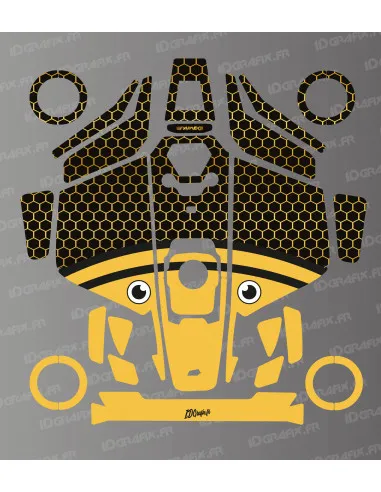 Dekalark för Mammotion LUBA 3 Bee Edition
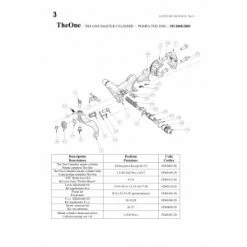 Kit Piston Levier FORMULA FD40106-20 Formula The One Mega 2008/09 -Promos Vélo Boutique kit piston levier formula fd40106 20 formula the one mega 200809 1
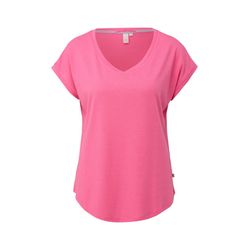 Q/S designed by Jerseyshirt aus Modalmix   - pink (4426)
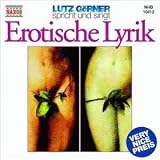 Erotische Lyrik. CD - Lutz G�rner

--- EXERCISE ---
Give the data above again, exactly, with every picture removed.

--- EXERCISE SOLUTION ---
 Dekalark för Mammotion LUBA 3 Bee Edition
 Kit Piston Levier FORMULA FD40106-20 Formula The One Mega 2008/09 -Promos Vélo Boutique kit piston levier formula fd40106 20 formula the one mega 200809 1
 Q/S designed by Jerseyshirt aus Modalmix   - pink (4426)
 Erotische Lyrik. CD - Lutz G�rner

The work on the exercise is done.